There are really only two possibilities here. Either:
1. the exploit was in the clear, right there in the source code, but these "experts" didn't even bother to read it before building & running it; or
2. the "source" repo contained some sort of binary -- which should send up a big enough red flag for any infosec guy to run it only on a suitably instrumented VM (itself on an air-gapped host) for analysis.
Short version: the words "experts" and "Windows" never belong in the same sentence (unless separated by "don't run").
(Score: 0) by Anonymous Coward on Tuesday May 31 2022, @04:25PM
I'm sure "good people" never make mistakes. Why would somebody trip over a cord? It sounds unpleasant. [xkcd.com]

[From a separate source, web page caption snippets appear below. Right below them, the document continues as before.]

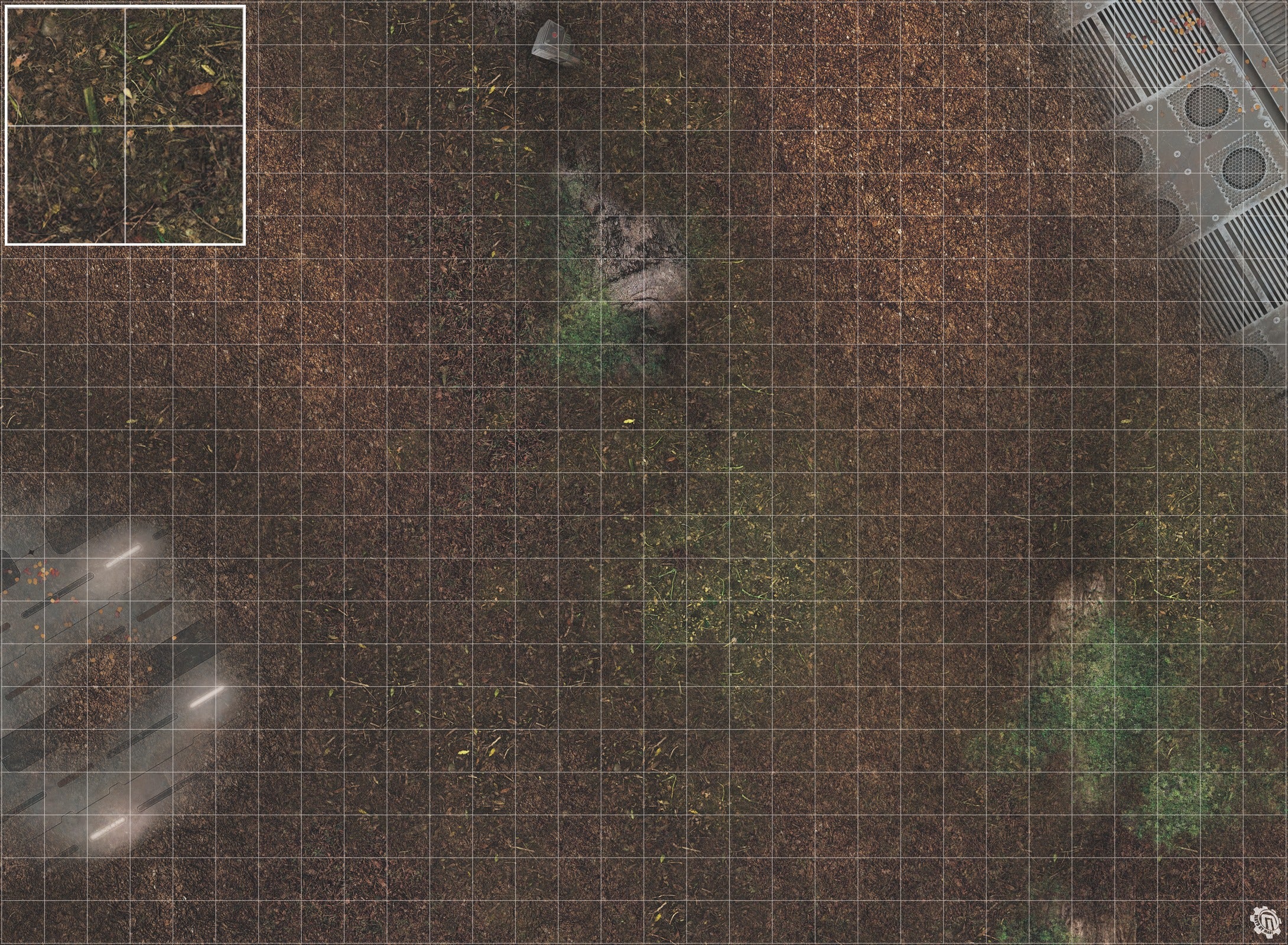 Mats by Mars: Hidden Outpost (White) Tabletop Wargaming Play Mat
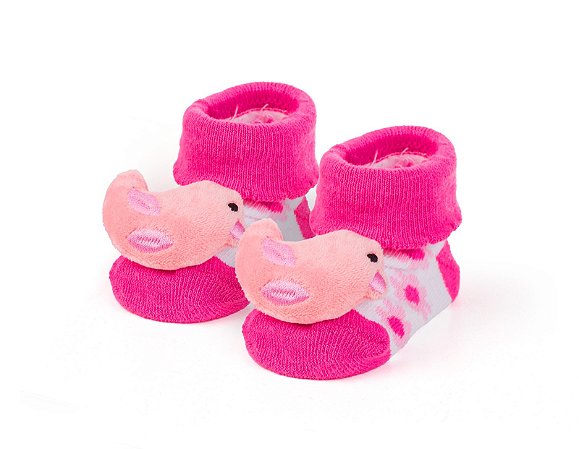 Meia Sapatinho Antiderrapante com Passarinho Rosa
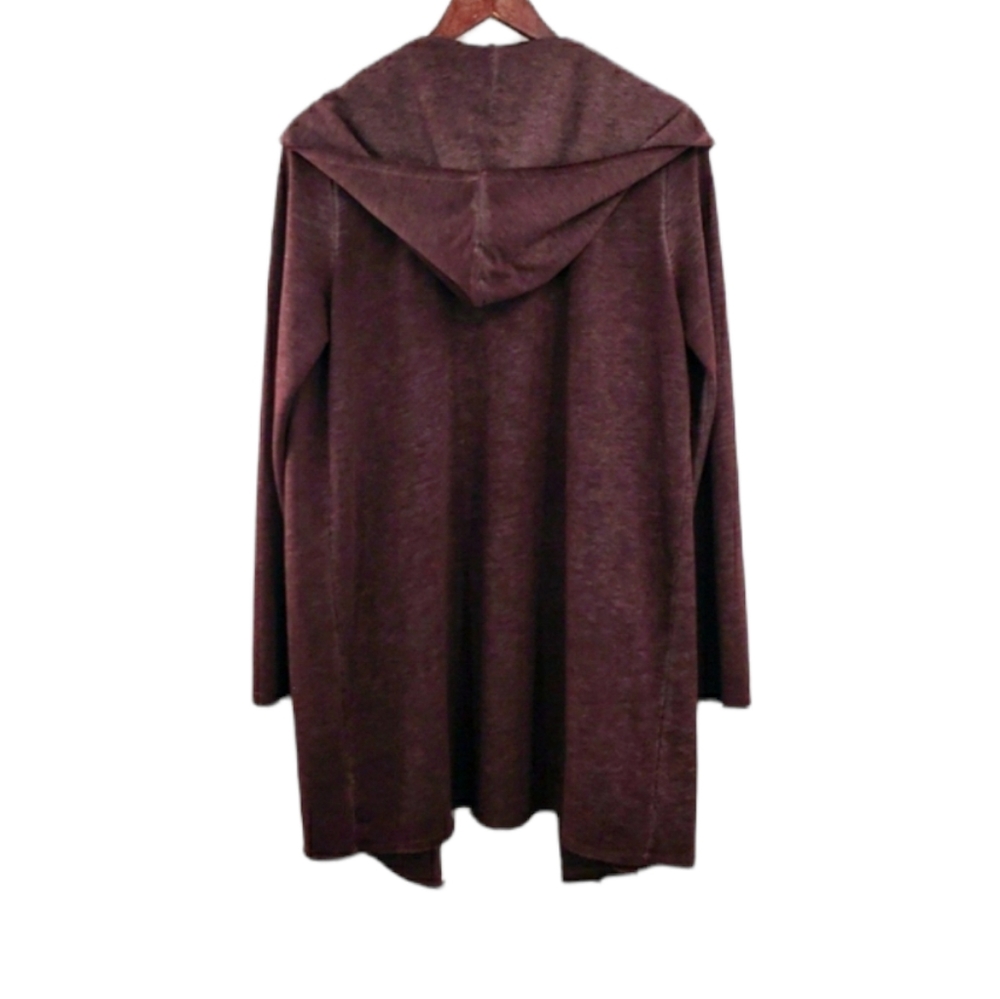 Soft Surroundings Long Hooded Cozy Wine Red Open Front Cardigan Sweater - Picture 5 of 10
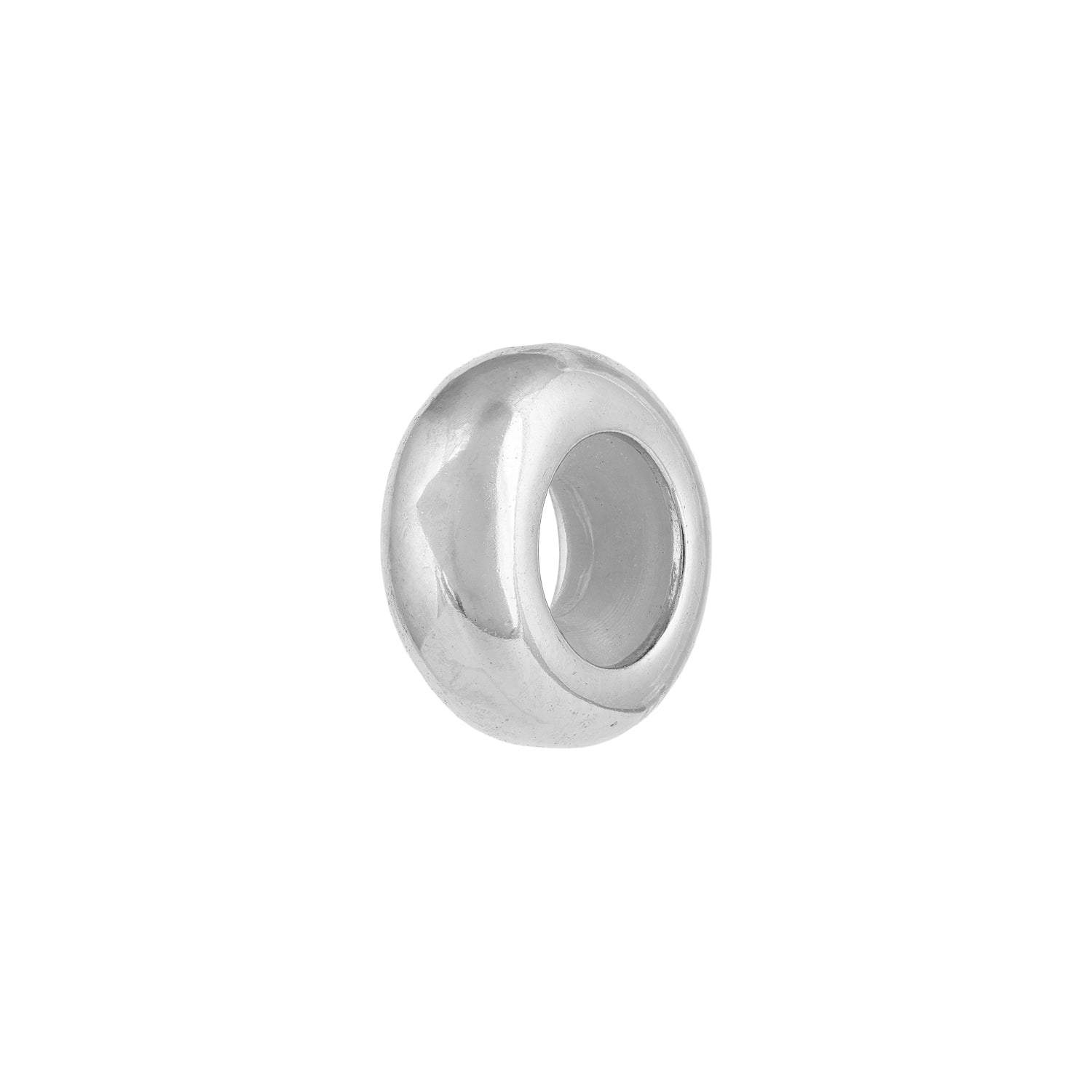 Silver bead on a white background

For that matter, we have no evidence that this successfully exploited somebody. The articles are just saying that they are TRYING to exploit, which I think is a good thing to spread around as a further security measure for people to be careful.
(Score: 2) by inertnet on Monday May 30 2022, @08:43AM
Researchers should know how not to be vulnerable and to use separate honeypot systems for their research. Security researchers getting pwned on their own systems: you're holding it wrong.
(Score: 2) by loonycyborg on Tuesday May 31 2022, @10:48AM
I assume name Lazarus won't be actually used by a Korean group. They wouldn't even care about Lazarus. It's jewish/christian mythology. That's a foreign assigned codename?